• _PROBLEM DETAILS_:
From the data below, repeat exactly the lines from the line with "Manipur NEET UG" to the line with "Camiseta Café Lacrosse", both included.

Brief descriptive captions:
..........
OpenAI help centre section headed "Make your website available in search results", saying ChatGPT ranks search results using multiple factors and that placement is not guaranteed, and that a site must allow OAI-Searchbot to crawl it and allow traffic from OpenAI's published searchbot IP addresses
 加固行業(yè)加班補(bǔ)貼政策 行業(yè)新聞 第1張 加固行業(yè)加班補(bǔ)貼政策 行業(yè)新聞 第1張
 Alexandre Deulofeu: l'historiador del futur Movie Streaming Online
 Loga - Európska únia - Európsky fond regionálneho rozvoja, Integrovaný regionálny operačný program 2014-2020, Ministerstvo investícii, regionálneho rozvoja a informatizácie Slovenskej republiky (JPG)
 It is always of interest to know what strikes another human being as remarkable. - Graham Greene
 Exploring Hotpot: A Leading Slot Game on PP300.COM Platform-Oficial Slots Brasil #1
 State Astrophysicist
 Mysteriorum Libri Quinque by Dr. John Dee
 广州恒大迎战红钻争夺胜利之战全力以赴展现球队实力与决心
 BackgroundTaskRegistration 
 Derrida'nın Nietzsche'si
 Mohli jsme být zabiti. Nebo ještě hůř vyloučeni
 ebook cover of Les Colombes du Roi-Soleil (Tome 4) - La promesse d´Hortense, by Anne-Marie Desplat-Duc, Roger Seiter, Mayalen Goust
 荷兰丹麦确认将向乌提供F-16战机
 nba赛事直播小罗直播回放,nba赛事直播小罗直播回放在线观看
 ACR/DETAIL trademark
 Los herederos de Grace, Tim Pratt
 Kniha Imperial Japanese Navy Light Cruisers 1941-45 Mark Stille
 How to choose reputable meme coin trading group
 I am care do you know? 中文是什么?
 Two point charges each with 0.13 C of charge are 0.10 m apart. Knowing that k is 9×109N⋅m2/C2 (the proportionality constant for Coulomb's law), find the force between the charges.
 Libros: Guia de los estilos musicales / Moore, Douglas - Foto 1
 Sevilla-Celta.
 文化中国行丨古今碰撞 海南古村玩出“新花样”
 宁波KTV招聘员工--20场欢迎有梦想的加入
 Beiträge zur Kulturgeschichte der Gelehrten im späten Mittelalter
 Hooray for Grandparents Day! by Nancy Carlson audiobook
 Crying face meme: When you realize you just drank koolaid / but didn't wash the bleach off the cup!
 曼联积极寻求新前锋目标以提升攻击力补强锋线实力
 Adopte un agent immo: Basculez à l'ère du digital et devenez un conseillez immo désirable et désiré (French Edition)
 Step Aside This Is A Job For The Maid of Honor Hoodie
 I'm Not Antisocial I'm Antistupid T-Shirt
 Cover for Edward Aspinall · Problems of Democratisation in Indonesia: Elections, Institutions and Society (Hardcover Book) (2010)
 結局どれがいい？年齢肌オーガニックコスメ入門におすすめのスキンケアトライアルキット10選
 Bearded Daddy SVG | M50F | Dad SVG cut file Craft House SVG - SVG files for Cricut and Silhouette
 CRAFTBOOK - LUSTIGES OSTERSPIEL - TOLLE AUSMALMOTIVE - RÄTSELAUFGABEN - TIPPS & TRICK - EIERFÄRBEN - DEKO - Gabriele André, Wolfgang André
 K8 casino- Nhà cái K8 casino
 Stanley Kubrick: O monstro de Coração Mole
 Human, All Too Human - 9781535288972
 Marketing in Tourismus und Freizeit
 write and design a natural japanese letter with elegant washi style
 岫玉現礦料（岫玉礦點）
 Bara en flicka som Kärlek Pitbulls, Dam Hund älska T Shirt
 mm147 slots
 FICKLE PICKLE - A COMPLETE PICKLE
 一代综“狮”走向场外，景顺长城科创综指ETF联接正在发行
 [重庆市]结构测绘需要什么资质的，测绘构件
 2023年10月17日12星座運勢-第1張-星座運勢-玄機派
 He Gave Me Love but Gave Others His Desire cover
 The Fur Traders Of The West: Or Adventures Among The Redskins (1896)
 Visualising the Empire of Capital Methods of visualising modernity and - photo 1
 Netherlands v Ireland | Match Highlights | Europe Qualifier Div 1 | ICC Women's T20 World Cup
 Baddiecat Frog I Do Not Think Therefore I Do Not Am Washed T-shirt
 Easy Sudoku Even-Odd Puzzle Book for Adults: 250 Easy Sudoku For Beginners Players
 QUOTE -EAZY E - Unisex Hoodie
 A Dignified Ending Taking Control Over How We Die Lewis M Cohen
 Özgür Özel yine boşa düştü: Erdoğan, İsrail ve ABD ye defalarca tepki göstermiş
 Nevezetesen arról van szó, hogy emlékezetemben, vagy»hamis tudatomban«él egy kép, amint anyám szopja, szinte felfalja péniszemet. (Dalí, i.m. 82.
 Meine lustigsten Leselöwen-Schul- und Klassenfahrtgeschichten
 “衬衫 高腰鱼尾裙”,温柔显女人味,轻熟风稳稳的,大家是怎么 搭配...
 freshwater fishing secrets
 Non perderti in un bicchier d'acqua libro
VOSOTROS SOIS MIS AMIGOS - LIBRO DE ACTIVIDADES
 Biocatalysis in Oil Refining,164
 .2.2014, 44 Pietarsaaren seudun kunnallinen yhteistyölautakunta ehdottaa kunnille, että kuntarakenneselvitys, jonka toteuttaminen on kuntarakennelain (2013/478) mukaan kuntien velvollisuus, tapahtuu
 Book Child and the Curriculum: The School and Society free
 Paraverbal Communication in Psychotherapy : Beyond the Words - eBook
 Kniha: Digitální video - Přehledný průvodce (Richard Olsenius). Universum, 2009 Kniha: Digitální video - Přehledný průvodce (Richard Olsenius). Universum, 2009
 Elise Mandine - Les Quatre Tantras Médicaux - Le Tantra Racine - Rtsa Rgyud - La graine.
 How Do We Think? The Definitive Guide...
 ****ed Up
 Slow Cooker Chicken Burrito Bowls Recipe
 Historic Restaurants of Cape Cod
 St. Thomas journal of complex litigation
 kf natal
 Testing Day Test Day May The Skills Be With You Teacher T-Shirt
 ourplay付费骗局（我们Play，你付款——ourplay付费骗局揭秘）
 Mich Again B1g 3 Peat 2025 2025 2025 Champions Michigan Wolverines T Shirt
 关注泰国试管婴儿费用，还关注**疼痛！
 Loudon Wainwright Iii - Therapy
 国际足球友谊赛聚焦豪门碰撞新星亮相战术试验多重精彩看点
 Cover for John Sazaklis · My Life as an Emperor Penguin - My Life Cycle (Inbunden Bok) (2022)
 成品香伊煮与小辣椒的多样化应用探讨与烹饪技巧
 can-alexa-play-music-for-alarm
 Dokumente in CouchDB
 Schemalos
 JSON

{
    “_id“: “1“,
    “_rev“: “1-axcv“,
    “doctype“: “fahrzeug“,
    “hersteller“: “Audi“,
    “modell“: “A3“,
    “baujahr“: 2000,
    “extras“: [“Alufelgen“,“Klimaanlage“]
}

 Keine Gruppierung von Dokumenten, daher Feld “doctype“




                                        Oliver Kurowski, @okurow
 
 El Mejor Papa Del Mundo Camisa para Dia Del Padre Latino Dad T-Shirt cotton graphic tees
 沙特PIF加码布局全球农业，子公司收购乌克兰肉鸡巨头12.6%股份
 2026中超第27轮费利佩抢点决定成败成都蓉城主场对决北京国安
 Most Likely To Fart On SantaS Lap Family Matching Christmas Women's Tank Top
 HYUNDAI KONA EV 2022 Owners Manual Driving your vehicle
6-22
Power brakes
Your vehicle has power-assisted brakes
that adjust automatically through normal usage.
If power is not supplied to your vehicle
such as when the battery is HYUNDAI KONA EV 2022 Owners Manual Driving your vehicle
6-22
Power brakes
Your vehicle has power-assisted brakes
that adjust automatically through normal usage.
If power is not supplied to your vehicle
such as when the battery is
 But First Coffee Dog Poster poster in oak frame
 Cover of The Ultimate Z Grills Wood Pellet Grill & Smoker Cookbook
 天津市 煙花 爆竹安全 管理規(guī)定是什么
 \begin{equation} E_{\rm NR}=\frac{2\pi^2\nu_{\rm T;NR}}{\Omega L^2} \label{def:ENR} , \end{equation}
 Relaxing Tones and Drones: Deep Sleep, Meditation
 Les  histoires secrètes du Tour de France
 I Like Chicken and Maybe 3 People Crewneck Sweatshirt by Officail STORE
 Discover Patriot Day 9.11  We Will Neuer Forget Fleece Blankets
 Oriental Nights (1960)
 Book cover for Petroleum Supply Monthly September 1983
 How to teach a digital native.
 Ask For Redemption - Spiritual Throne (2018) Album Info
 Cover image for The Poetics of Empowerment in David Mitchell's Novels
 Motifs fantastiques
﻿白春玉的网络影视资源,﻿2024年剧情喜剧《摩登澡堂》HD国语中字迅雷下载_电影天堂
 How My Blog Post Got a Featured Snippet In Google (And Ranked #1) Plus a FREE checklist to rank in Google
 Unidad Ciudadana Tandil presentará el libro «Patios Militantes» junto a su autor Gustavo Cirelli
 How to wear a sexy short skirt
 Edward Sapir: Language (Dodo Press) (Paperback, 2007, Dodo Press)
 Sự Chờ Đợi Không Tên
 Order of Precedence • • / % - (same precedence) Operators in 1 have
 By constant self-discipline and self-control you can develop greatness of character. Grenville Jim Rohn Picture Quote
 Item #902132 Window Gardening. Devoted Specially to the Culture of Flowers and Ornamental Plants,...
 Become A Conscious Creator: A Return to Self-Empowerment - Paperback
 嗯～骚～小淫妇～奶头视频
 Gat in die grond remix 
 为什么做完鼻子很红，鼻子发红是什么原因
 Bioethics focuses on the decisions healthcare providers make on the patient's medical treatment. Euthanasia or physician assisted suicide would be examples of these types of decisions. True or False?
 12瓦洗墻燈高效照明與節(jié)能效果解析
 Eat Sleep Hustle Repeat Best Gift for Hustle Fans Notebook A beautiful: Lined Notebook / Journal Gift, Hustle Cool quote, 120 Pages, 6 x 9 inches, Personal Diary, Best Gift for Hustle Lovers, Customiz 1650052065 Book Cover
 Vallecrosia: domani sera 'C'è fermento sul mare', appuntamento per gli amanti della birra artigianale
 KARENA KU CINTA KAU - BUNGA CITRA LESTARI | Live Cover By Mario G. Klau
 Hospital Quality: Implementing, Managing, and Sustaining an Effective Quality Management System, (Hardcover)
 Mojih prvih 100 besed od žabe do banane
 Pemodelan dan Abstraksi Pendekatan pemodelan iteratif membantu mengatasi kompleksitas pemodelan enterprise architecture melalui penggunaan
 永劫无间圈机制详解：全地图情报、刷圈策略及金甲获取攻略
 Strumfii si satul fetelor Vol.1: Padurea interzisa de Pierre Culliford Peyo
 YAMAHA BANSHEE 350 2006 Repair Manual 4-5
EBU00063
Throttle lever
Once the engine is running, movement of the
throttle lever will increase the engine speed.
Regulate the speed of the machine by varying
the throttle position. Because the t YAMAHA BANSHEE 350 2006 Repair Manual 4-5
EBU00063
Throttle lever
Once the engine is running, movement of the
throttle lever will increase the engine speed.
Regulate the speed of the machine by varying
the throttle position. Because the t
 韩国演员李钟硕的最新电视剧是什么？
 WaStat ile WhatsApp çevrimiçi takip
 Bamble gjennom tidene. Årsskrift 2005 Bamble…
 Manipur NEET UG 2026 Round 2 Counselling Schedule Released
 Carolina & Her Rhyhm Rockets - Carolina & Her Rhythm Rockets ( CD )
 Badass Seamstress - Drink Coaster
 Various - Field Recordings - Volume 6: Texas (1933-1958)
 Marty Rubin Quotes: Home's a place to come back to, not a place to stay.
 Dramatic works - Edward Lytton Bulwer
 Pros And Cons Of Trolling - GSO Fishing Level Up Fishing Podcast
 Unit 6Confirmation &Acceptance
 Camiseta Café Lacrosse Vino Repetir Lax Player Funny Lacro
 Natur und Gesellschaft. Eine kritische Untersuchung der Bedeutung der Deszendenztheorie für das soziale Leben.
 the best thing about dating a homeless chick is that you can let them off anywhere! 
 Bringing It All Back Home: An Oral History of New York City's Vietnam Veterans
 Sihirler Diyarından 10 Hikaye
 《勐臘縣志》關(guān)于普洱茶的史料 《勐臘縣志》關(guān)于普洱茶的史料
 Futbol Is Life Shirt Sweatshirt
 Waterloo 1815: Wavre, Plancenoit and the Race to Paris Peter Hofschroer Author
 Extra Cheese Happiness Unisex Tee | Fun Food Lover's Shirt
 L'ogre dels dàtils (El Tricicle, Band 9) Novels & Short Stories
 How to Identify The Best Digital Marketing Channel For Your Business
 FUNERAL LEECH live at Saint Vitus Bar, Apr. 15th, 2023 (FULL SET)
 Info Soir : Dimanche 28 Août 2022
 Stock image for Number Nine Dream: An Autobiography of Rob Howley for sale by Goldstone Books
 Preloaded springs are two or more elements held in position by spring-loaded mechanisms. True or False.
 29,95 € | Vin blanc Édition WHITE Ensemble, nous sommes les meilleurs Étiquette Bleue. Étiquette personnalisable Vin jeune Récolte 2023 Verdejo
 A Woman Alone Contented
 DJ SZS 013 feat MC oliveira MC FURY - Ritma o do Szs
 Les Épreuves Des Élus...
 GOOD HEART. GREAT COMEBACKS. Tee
..........
• _OUTPUT BELOW_:
 Manipur NEET UG 2026 Round 2 Counselling Schedule Released
 Carolina & Her Rhyhm Rockets - Carolina & Her Rhythm Rockets ( CD )
 Badass Seamstress - Drink Coaster
 Various - Field Recordings - Volume 6: Texas (1933-1958)
 Marty Rubin Quotes: Home's a place to come back to, not a place to stay.
 Dramatic works - Edward Lytton Bulwer
 Pros And Cons Of Trolling - GSO Fishing Level Up Fishing Podcast
 Unit 6Confirmation &Acceptance
 Camiseta Café Lacrosse Vino Repetir Lax Player Funny Lacro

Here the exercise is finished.